<< Back

11/6/02

Parables from Hawthorne as contemporary guidelines

SMN


Young Goodman Brown by Nathaniel Hawthorne.
Dover Publications, Inc., 1992. $1.50 — 111 pp.


This past year Leon Kass, the head of the President’s Council on Bioethics, asked members of the council to read Nathaniel Hawthorne’s short story, “The Birthmark,” before gathering to discuss human cloning and its ramifications for American society.

Like many Americans, I read Hawthorne’s The Scarlet Letter in high school. Reading that book was like eating liver; the experience was so disagreeable that I thought I had sworn off both forever.

I am still not a fan of liver, but after learning that Kass had asked his committee to read Hawthorne, I decided to give the Massachusetts author another look. I read Young Goodman Brown, a collection of Hawthorne’s stories that included “The Birthmark,” and discovered an author whose ideas and themes are both timeless and contemporary.

The Dover edition contains seven of Hawthorne’s tales. Included among these were several warning about the limitations of science when linked with humankind’s limitless pride.

In “The Birthmark,” for example, Hawthorne turns his cool, steady gaze on Aylmer, “a man of science, an eminent proficient in every branch of natural philosophy,” and on Aylmer’s marriage to Georgiana, a beautiful young woman whom he loves as much as science. In Aylmer’s eyes, Georgiana’s only flaw is a birthmark upon her cheek, a mark strangely shaped like a tiny human hand. Aylmer professes his desire to cure her of such “earthly imperfection,” and so begins a regimen of experiments and treatments that will remove this mark from Georgiana’s face forever.

During the course of these tests Georgiana happens to read Aylmer’s journal in which he has recorded his various experiments. She discovers there that ...
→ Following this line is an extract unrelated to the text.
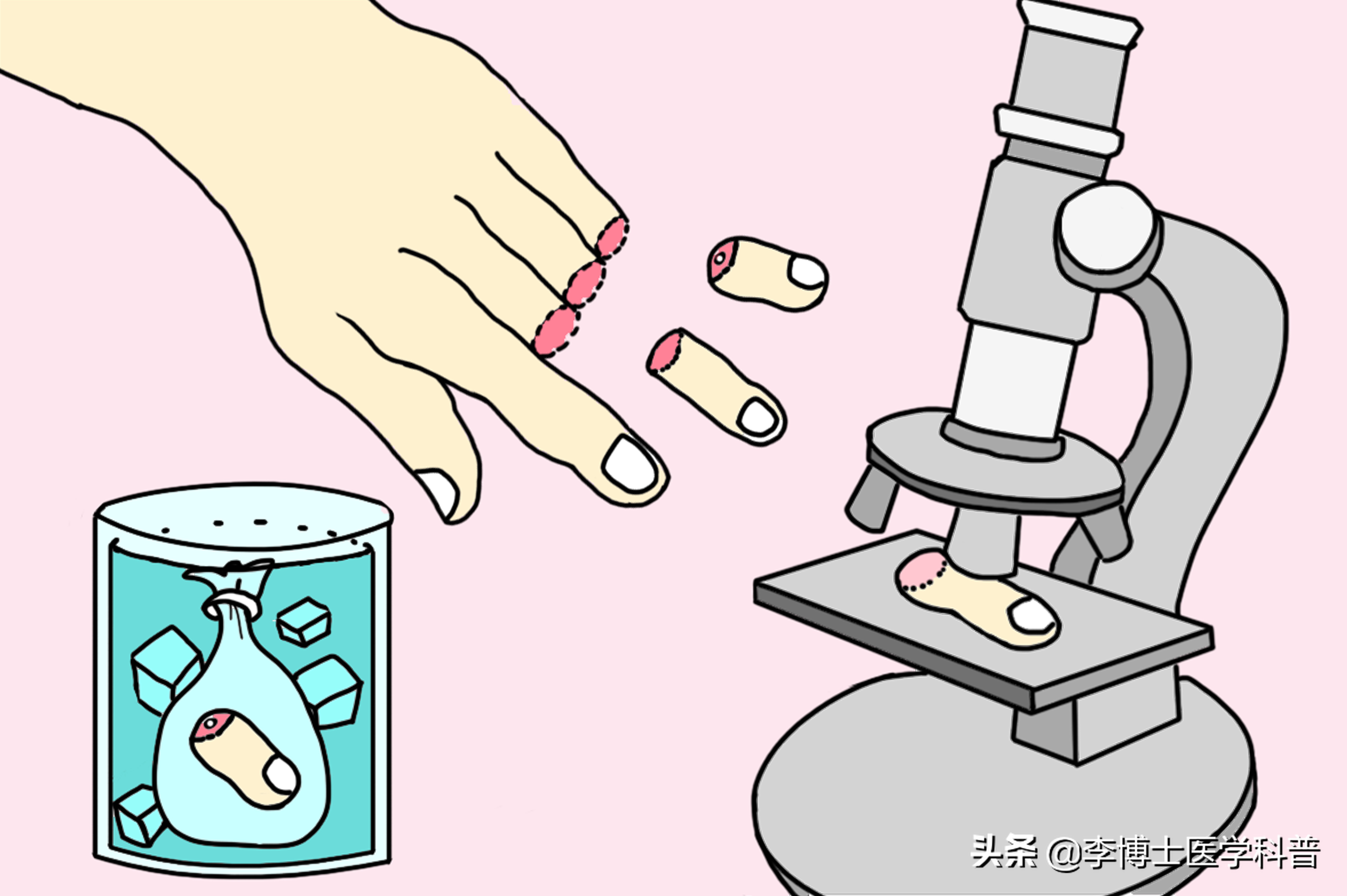 手部外伤急救,手部外伤家庭急救手抄报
...his most splendid successes were almost invariably failures, if compared with the ideal at which he aimed. His brightest diamonds were the merest pebbles, and felt to be so by himself, in comparison with the inestimable gems which lay hidden beyond his reach ...It was the sad confession...of the despair that assails the higher nature at finding itself so miserably thwarted by the earthly part.
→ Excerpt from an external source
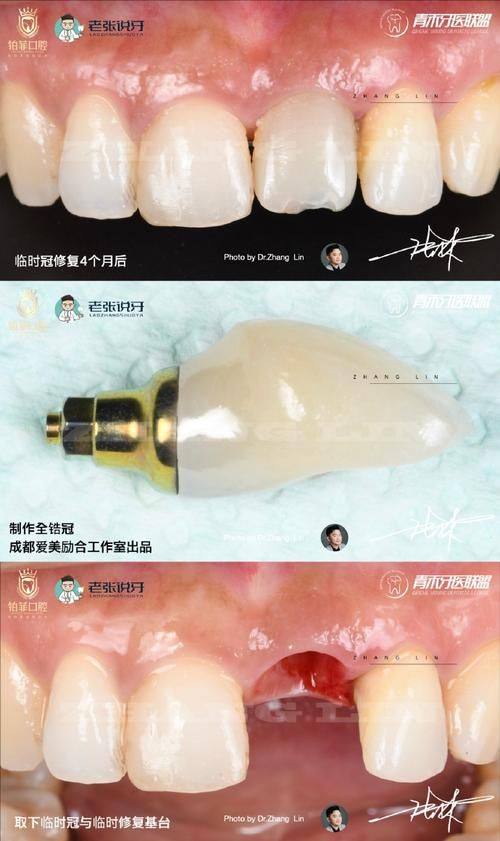 上海茂齿口腔擅长项目：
By reaching in Georgiana’s case toward earthly perfection, Aylmer ends by killing his beloved with his drugs and treatments.

In another story, “Dr. Heidegger’s Experiment,” Hawthorne gives us a tale of four elderly people to whom a mutual friend, Dr. Heidegger, gives waters that he claims come from the Fountain of Youth. After drinking the potion, the four strut and gambol about the room, feeling “like new-created beings, in a new-created universe,” and they laugh mockingly at how they appeared when they were aged. Then the three men argue over who will dance with the Widow Wycherly, and a fistfight breaks out among them. Order is restored when the effects of the magical water wear off and they are once again their former selves.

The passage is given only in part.